**INSTRUCTIONS TO FOLLOW:**
Transcribe all records below exactly, without images.

BEGIN RECORDED INFORMATION

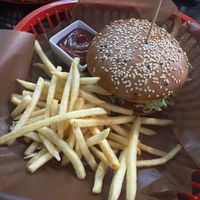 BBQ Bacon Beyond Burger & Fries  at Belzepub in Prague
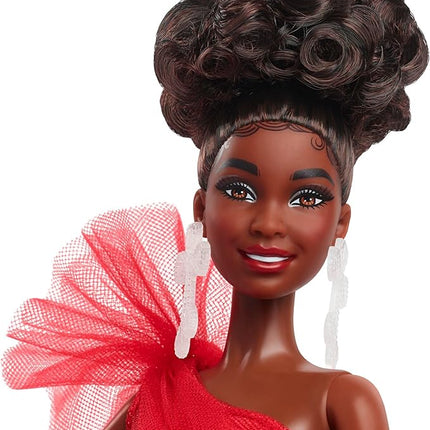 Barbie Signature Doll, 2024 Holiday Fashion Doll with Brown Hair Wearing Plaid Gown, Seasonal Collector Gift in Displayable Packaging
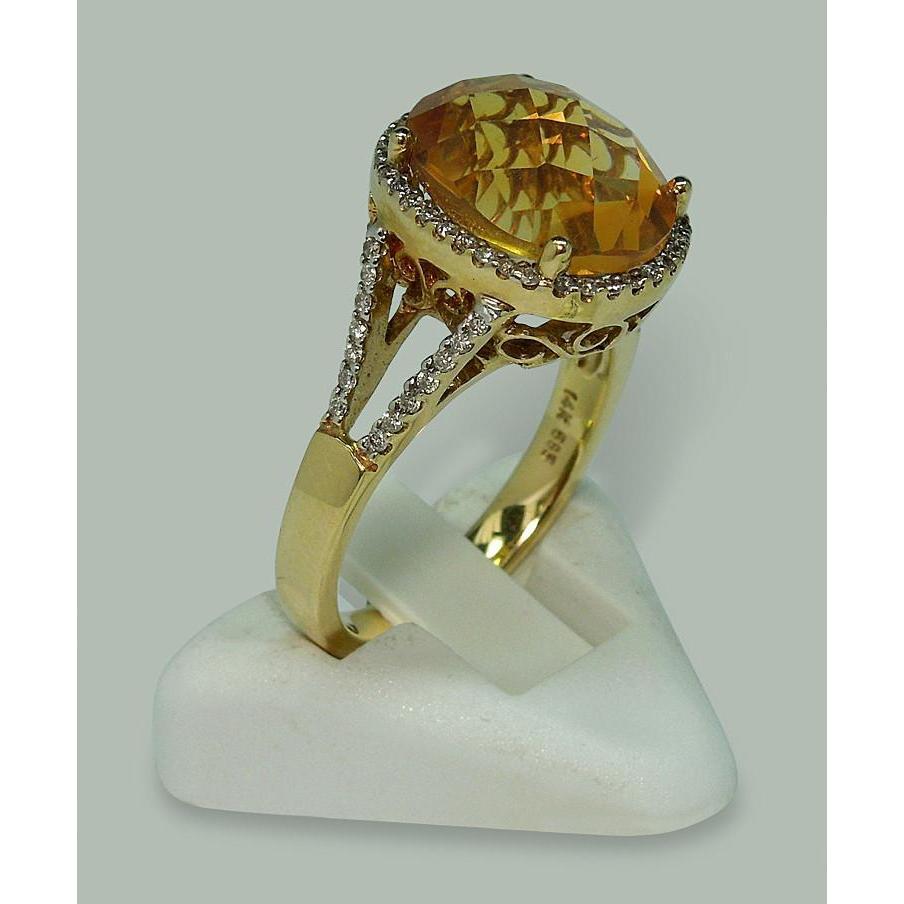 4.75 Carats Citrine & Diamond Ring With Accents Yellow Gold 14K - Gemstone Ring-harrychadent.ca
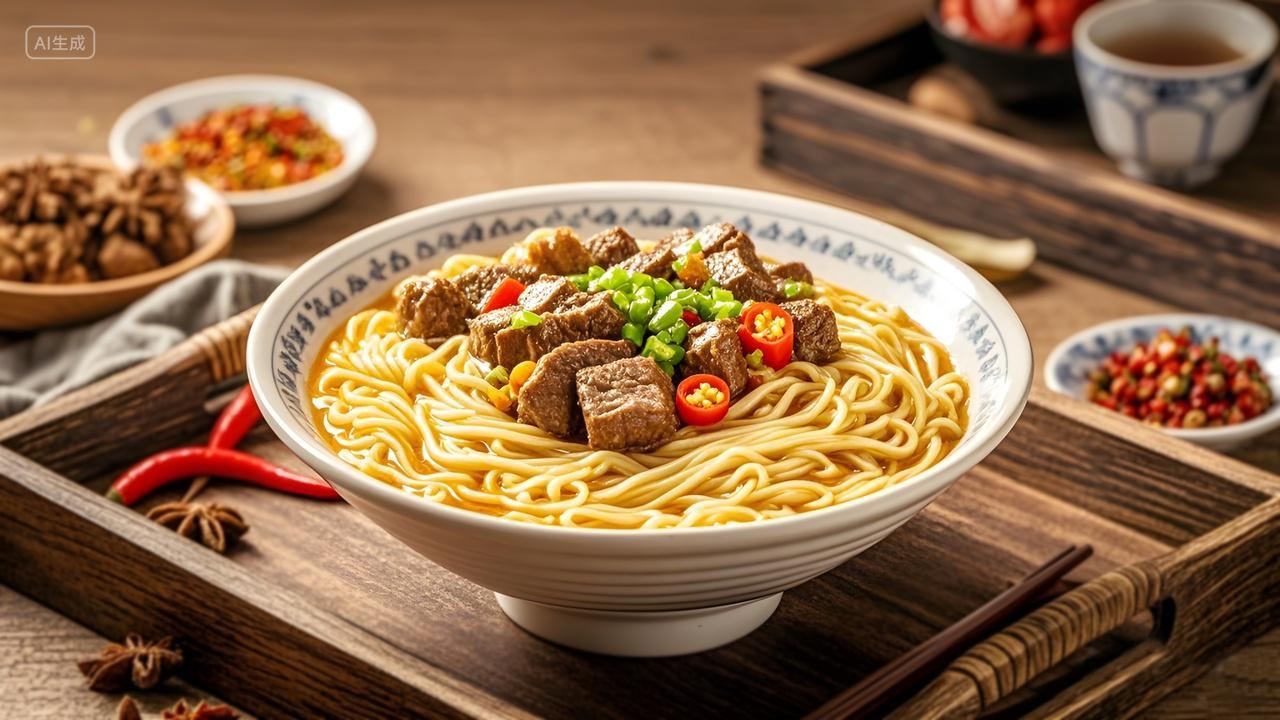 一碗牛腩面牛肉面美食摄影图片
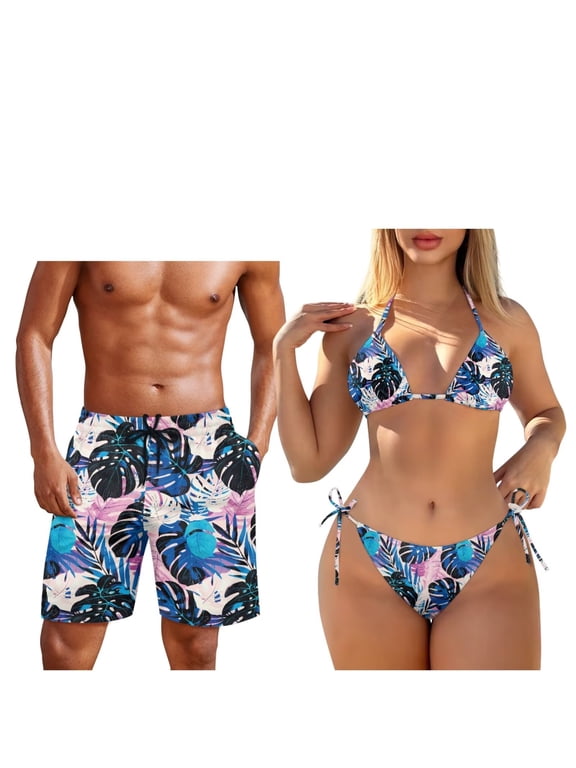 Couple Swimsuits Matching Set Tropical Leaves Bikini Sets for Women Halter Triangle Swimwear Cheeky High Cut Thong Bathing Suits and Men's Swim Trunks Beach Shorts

END RECORDED INFORMATION

**WORKED SOLUTION:**
 BBQ Bacon Beyond Burger & Fries  at Belzepub in Prague
 Barbie Signature Doll, 2024 Holiday Fashion Doll with Brown Hair Wearing Plaid Gown, Seasonal Collector Gift in Displayable Packaging
 4.75 Carats Citrine & Diamond Ring With Accents Yellow Gold 14K - Gemstone Ring-harrychadent.ca
 一碗牛腩面牛肉面美食摄影图片
 Couple Swimsuits Matching Set Tropical Leaves Bikini Sets for Women Halter Triangle Swimwear Cheeky High Cut Thong Bathing Suits and Men's Swim Trunks Beach Shorts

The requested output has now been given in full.